A Cerâmica como Gênese
Adriana Chamma
Diante da vastidão silenciosa da crise amazônica, a artista Adriana Chamma recusa a denúncia literal e mergulha na força ancestral. Sua nova e poderosa escultura em cerâmica, "O Grito do Renascimento", é uma obra que nasce como um organismo vivo, um grito silencioso contra a amnésia das árvores derrubadas.
A peça se desdobra em um encontro simbiótico, uma fusão orgânica entre o humano e o vegetal, onde as formas são, ao mesmo tempo, "raízes que buscam nutrir e tentáculos que anseiam por explorar". No coração desta narrativa visual, a artista dá à luz dois guardiões para o nosso tempo: Kairós, emergindo das raízes arrancadas, simboliza a chance de um recomeço que brota da própria cicatriz. Ananke, coroada por ramificações, personifica a força inevitável da vida e a memória que não pode ser apagada. Juntos, eles nos lembram que o destino da Terra e o nosso estão interligados.


Essa profundidade conceitual é a marca de uma artista cujo olhar foi treinado para unir estética e funcionalidade. Adriana é uma designer e ceramista paulista que, após se formar em Desenho Industrial pela FAAP, aprofundou seus conhecimentos em arte e moda na Universidade Central Saint Martins, em Londres. Em 2025 participou da Semana de design de Milão com suas obras. Seja em suas luminárias inspiradas na zona Abissal ou em suas peças utilitárias, Adriana cria obras que nascem de escuta, afeto e intenção. Uma cerâmica que não é só objeto: é resposta. Presença. Gesto.
A escolha da cerâmica como veículo para essa gênese não é acidental. O barro, a "matéria primordial", é o único material capaz de contar essa história. O esmalte em tons terrosos e verdes conecta a escultura diretamente à pele da floresta. É a materialização da pergunta que a própria obra nos faz: onde termina o corpo e começa a paisagem?
A Arte Sob Medida
A obra de Adriana Chamma é um gesto de conexão intuitiva. Cada peça que nasce carrega mais do que forma: carrega afeto, intenção e identidade. Em suas mãos, a cerâmica se transforma num território de encontros, onde arte e pessoa se reconhecem, moldando juntas uma obra que não se repete, nasce de um vínculo único.
Ao criar um jogo de xadrez cerâmico exclusivo, uma coleção de jantar inspirada nos contornos do Ibirapuera ou uma escultura íntima para um espaço particular, Adriana faz mais do que atender a um pedido — ela constrói uma narrativa em barro. Suas criações sob medida são, antes de tudo, experiências: cada cliente se torna parte do processo, deixando marcas invisíveis que a artista transforma em superfícies táteis, curvas sensíveis, esmaltes que contam histórias silenciosas.

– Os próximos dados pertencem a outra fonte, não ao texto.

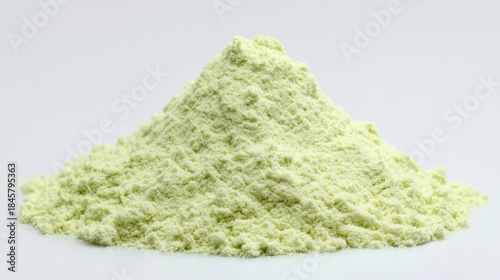 Light green powder pile isolated on white background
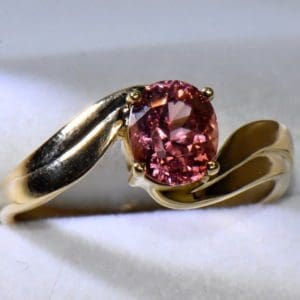 burmese orange pink spinel swirl ring in yellow gold.JPG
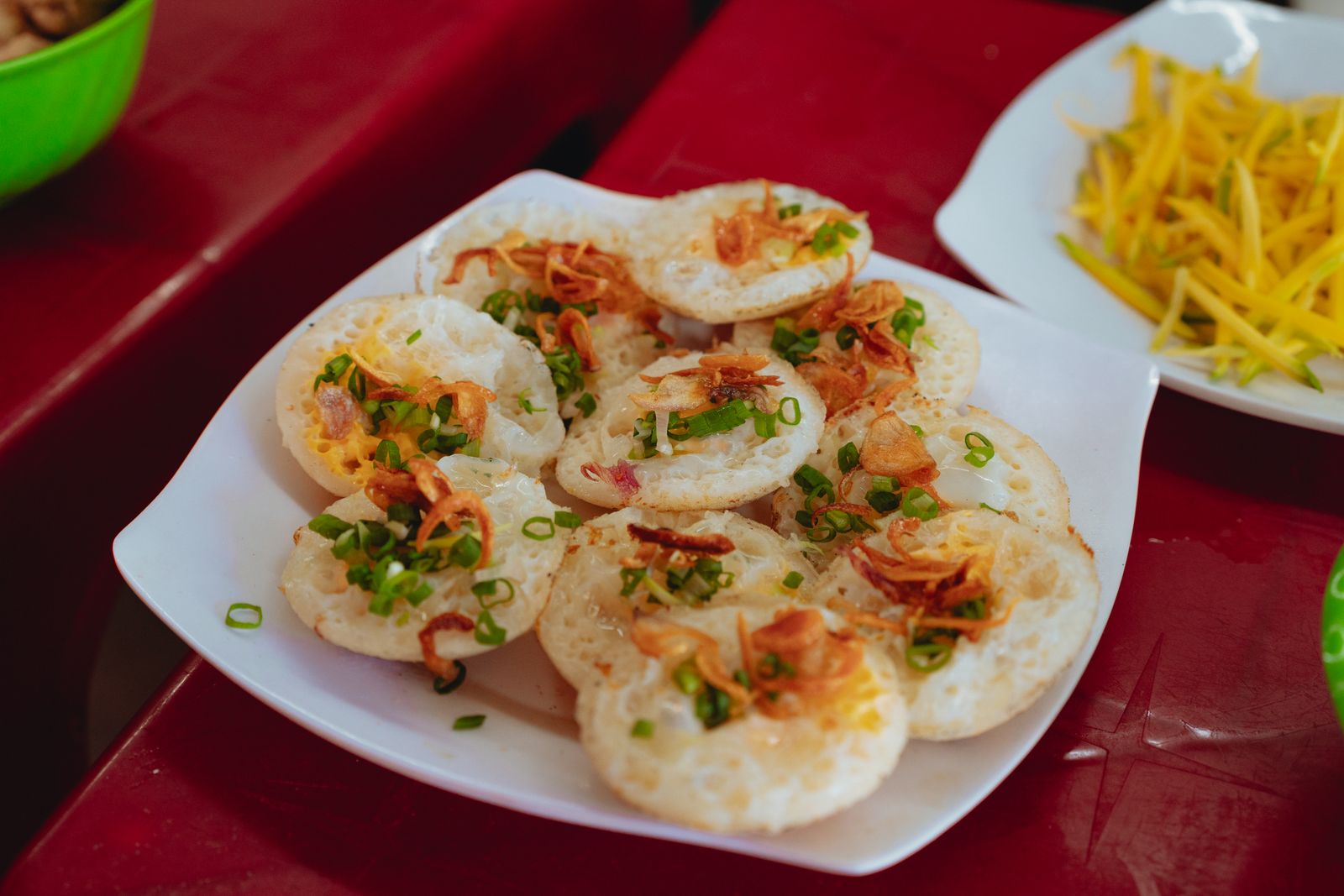 Banh can Vietnamese rice pancakes garnished with scallions and crispy shallots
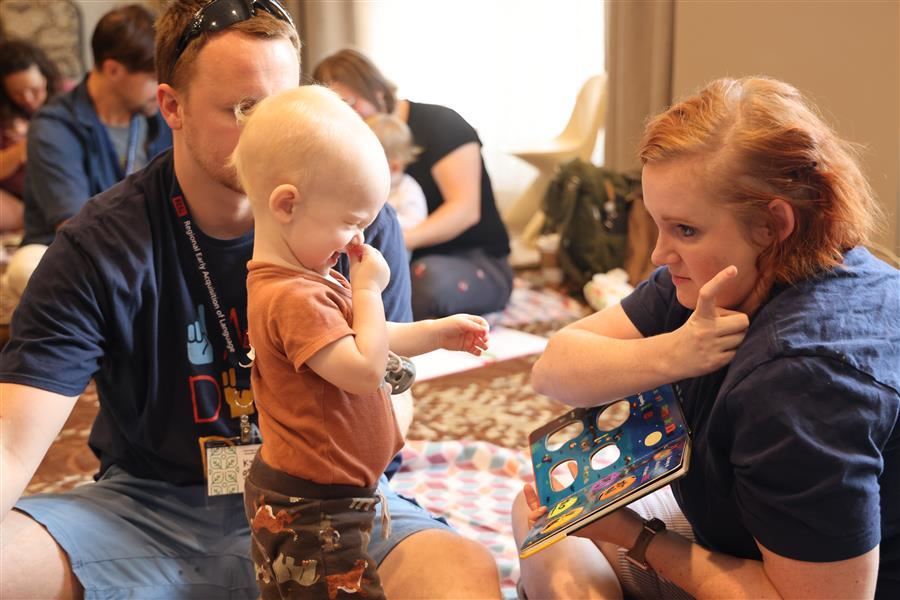  Parents reading a book in American Sign Language with their toddler.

Essa cerâmica com destinatário rompe com a lógica da produção em série e convida à contemplação da singularidade. Cada peça sob medida é como uma resposta — a uma memória, a um desejo, a uma ideia que ainda não tinha forma. Adriana não oferece apenas um objeto, mas uma presença: algo feito para pertencer, para habitar um espaço.
Sua prática revela que a verdadeira sofisticação está na sensibilidade em captar o que não se diz. E sua cerâmica, feita à medida de cada história, é um reflexo daquilo que mais importa na arte: a capacidade de tocar o outro de forma intensa e transformadora.


Na cerâmica de Adriana, matéria e metáfora caminham lado a lado.
Suas criações ultrapassam o objeto para se tornarem linguagem — e nas séries “Abissal” e “Frente Inverso”, essa linguagem nos convida a mergulhos profundos, tanto nas águas mais escuras do oceano quanto nas camadas íntimas da experiência humana.
A coleção “Abissal” nasce de uma imersão simbólica nas profundezas do mar, onde a luz não chega — a não ser pela bioluminescência de criaturas que aprenderam a brilhar sozinhas. Cada luminária dessa série carrega esse paradoxo essencial: escuridão e luz, silêncio e presença, forma e fluidez. As peças evocam o mistério da vida abissal, com curvas orgânicas e texturas que parecem surgir do fundo do mundo.